A Hand-Me-Down Exposed Mom's Favoritism
Chapter 3
Mom's smug voice rang in my ears, each word landing like a blow.
So Mom hadn't been tricked into buying that coat. In her eyes, I was only worthy of garbage. For the first time in my 20 years, I truly understood that.
Still, I refused to accept it. I kept going through Mom's phone, hoping to find some proof that she treated Brielle and me the same.
I opened Mom and Brielle's chat. It was clean, filled with nothing but casual small talk. There wasn't a single record of a money transfer. But that was exactly what made it feel off.

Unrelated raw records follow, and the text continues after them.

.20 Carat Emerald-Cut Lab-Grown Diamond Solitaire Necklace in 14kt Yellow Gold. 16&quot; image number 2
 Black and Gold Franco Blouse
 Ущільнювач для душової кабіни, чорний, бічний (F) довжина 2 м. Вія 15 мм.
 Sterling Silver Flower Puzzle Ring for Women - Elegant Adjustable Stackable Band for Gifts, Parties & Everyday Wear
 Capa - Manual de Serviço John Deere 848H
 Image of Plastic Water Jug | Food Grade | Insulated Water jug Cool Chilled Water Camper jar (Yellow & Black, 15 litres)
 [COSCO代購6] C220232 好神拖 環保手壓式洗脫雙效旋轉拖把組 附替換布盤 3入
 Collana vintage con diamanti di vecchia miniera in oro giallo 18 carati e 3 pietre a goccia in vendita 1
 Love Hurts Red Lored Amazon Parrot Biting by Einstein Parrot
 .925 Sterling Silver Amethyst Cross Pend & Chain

I pulled up Mom's transaction history. Sure enough, I saw transfer after transfer sent to Brielle. They ranged from a few hundred dollars to tens of thousands, sent every single month without fail.
As for me, the moment I turned 18 years old, Mom cut off my allowance under the guise of teaching me to be independent.
I had put myself through college on student loans and part-time jobs. Even when I was at my lowest, I couldn't turn to my parents for money.
I had actually envied Brielle back then for how she managed to keep up with school while still enjoying such a comfortable life.
Every time I asked how she made so much money, she would give me a strange smile. I thought she was simply being stingy and didn't want to tell me. It turned out she had been laughing at me for being completely in the dark.
The most recent transaction was a transfer of 12 thousand dollars to a personal shopper. The note read, "Coat for Brielle—must be the latest style and nicely packaged."
I could no longer hold back my tears.
If Mom could find a coat in the trash and lie to me about it being new, what else had she done?
My mind drifted back to my middle school years, when I was still growing. Every morning and night, Mom would warm up a cup of milk for Brielle and me.
After drinking hers, Brielle would always say it tasted sweet and rich. She looked glowing and healthy from it.
But every time I drank mine, it tasted strange. The milk was slightly sour, with mysterious sediment at the bottom of the cup and sometimes even bits that looked like curd.
At that time, I didn't understand. All I knew was that it tasted awful.
Whenever I told Mom about it, she would glare at me and slam her utensils down on the table. "Brielle drinks hers just fine. Why do you always have to be so difficult? It's only a few dollars a carton. Who do you think you are, having standards? You're just being picky! If you don't want it, then don't drink it!"
Brielle would chime in from the side, smiling as she licked the milk from the corner of her mouth. "Aria, are you pretending to be sick because you don't want to go to school? This milk tastes perfectly fine to me. Mom specifically bought the high-calcium one."
After that, I often suffered from diarrhea. The worst episode left me so dehydrated that I was rushed to the hospital in the middle of the night for an IV.
When the doctor asked if I had eaten something bad, Mom spoke up before I could. "Absolutely not! My daughter just has a weak stomach. She wouldn't gain weight even if she ate the finest food in the world. It's just the way she is."
Back then, as I lay in the hospital bed watching Mom bustle around, guilt overwhelmed me. I felt that my poor health was a burden on my family and that I was wasting their money.
But now…
With trembling fingers, I typed the word "milk" into the search bar of Mom and Brielle's chat. The screen shifted, and a flood of results appeared. They spanned several years.
The latest message was from last month.
"I bought another crate of milk from the supermarket clearance section for only ten dollars," Mom wrote. "The ones with red caps are expired—give those to Aria. She can handle it. The blue caps are still good, so keep those for yourself to make yogurt."
My stomach turned as I stared at those words.
It wasn't that I had a weak stomach—my own mom had been feeding me spoiled milk for years.